[Stored data Boundary: Start]
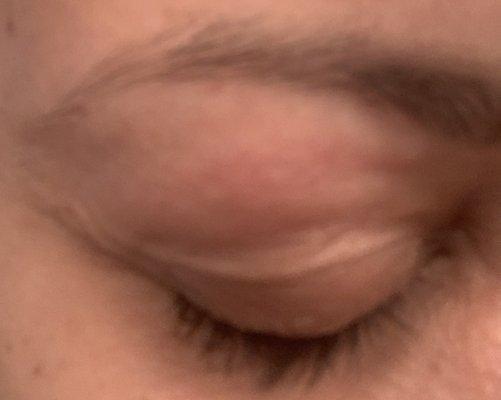 Cut and swollen eyelid from threading.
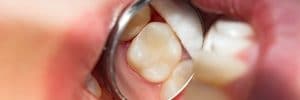 biocompatible dental filling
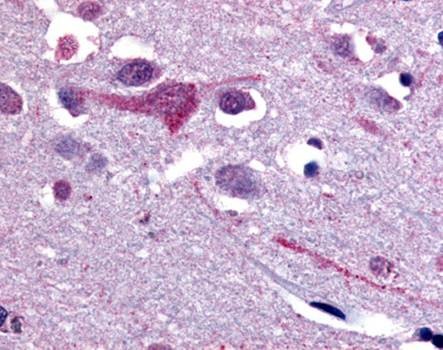 Immunohistochemical staining of paraffin embedded human brain tissue using SGLT4 antibody (primary antibody at 1:200)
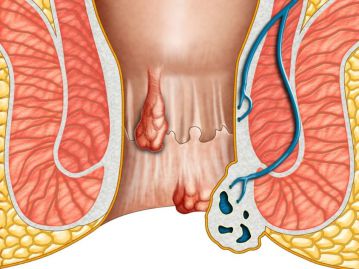 Почему люди затягивают с лечением геммороидальной болезни? 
[Stored data Boundary: End]
To complete this exercise, repeat exactly the lines above from the one holding "biocompatible dental filling" to the end of the listing, both included, and leave the pictures out.

 biocompatible dental filling
 Immunohistochemical staining of paraffin embedded human brain tissue using SGLT4 antibody (primary antibody at 1:200)
 Почему люди затягивают с лечением геммороидальной болезни? 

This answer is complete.